**WORK REQUEST:** Write out all of the records exactly once more and skip the images.

**AVAILABLE DATA:**
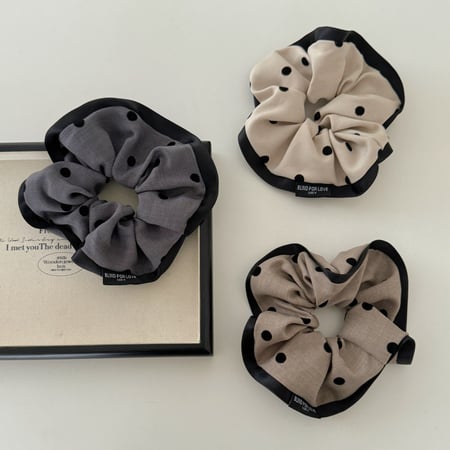 1 pieza de coleteros para mujer de tela con lunares retro de serie simple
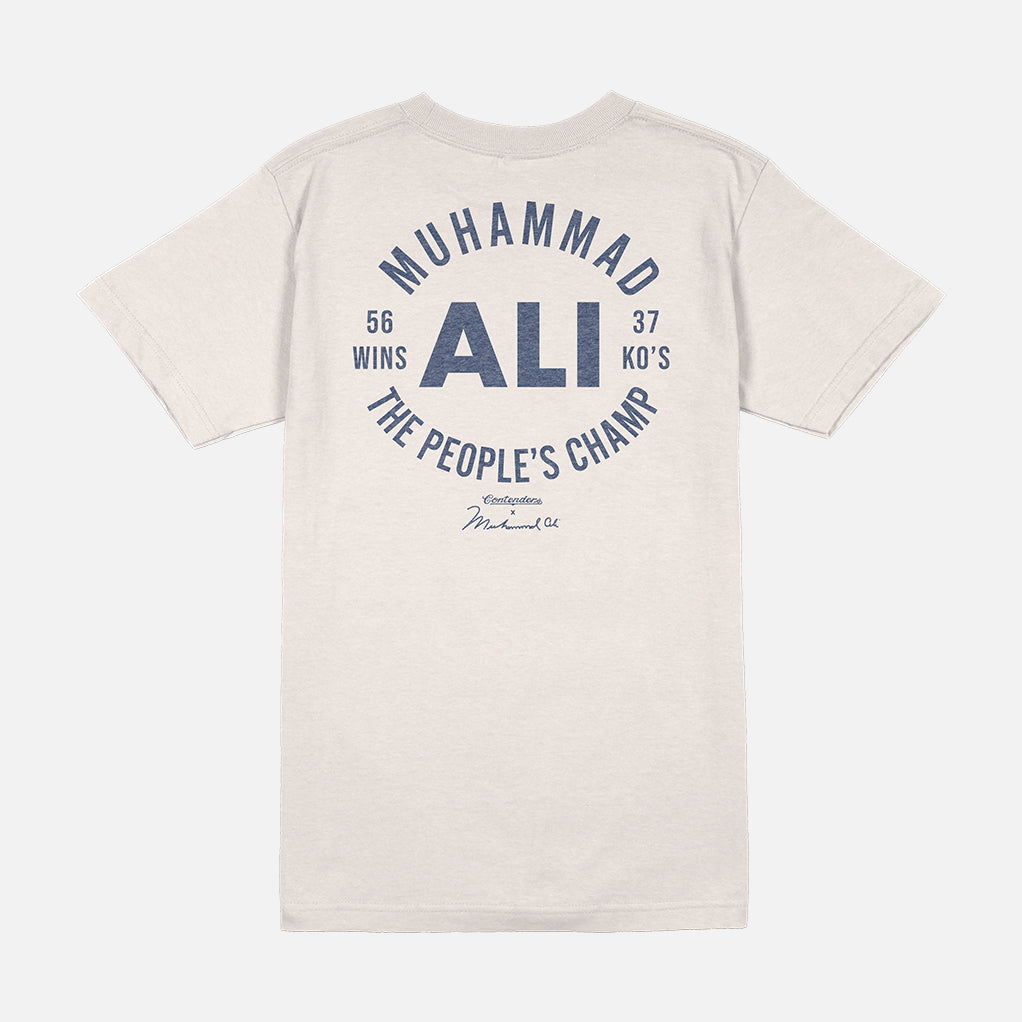 MUHAMMAD ALI PEOPLE'S CHAMP STAMP SHIRT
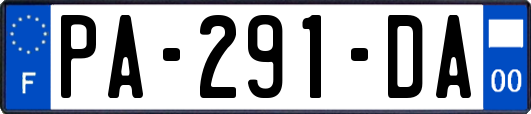 PA-291-DA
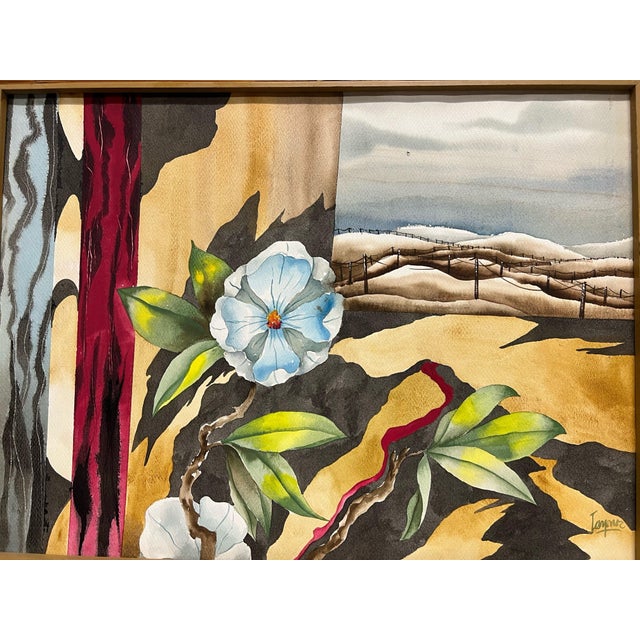 Harold a Laynor (1922-1991) Mid Century Watercolor, Listed Artist For Sale In Charleston - Image 6 of 6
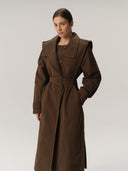 Roux Coat Walnut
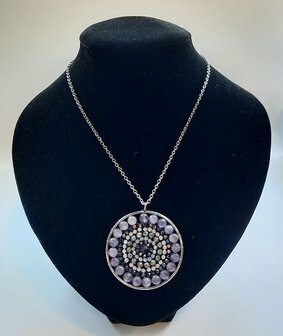Mandala natuurstenen ketting, Amethist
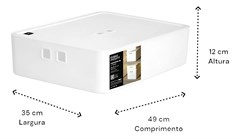 ORGANIZADOR C/TP FLY 49X35X12 BCO 4552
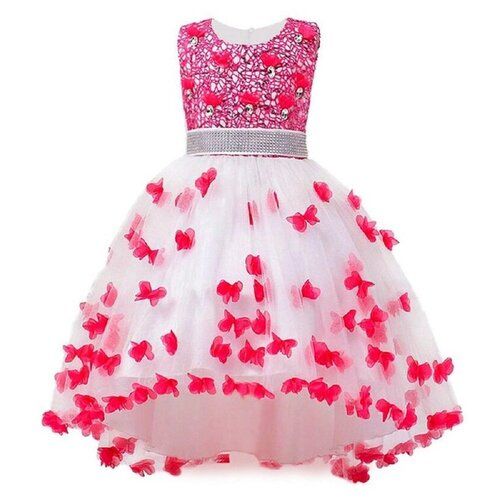 Newborn Baby Girl Frock Dress with Hat  Best Party Frock for Baby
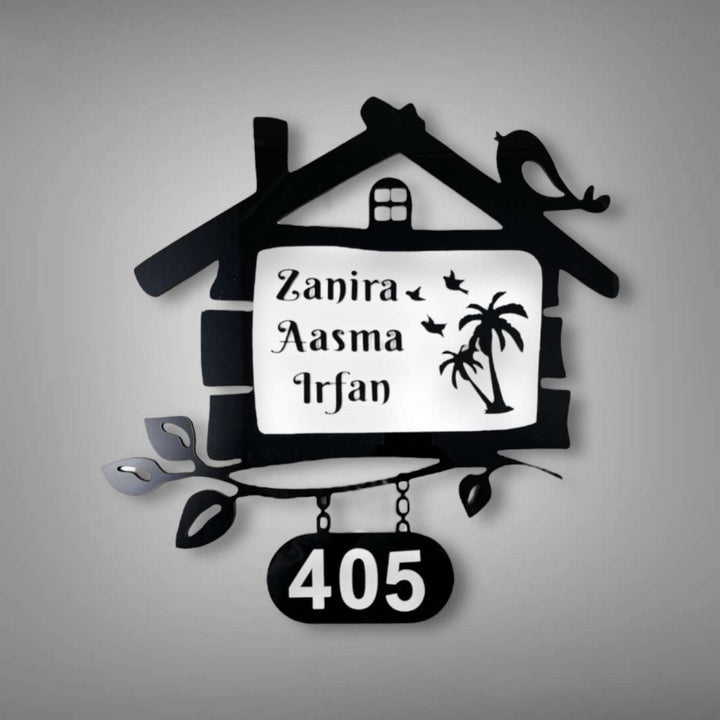Personalized House Shaped Acrylic Name Plate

**TASK RESULT:**
 1 pieza de coleteros para mujer de tela con lunares retro de serie simple
 MUHAMMAD ALI PEOPLE'S CHAMP STAMP SHIRT
 PA-291-DA
 Harold a Laynor (1922-1991) Mid Century Watercolor, Listed Artist For Sale In Charleston - Image 6 of 6
 Roux Coat Walnut
Mandala natuurstenen ketting, Amethist
 ORGANIZADOR C/TP FLY 49X35X12 BCO 4552
 Newborn Baby Girl Frock Dress with Hat  Best Party Frock for Baby
Personalized House Shaped Acrylic Name Plate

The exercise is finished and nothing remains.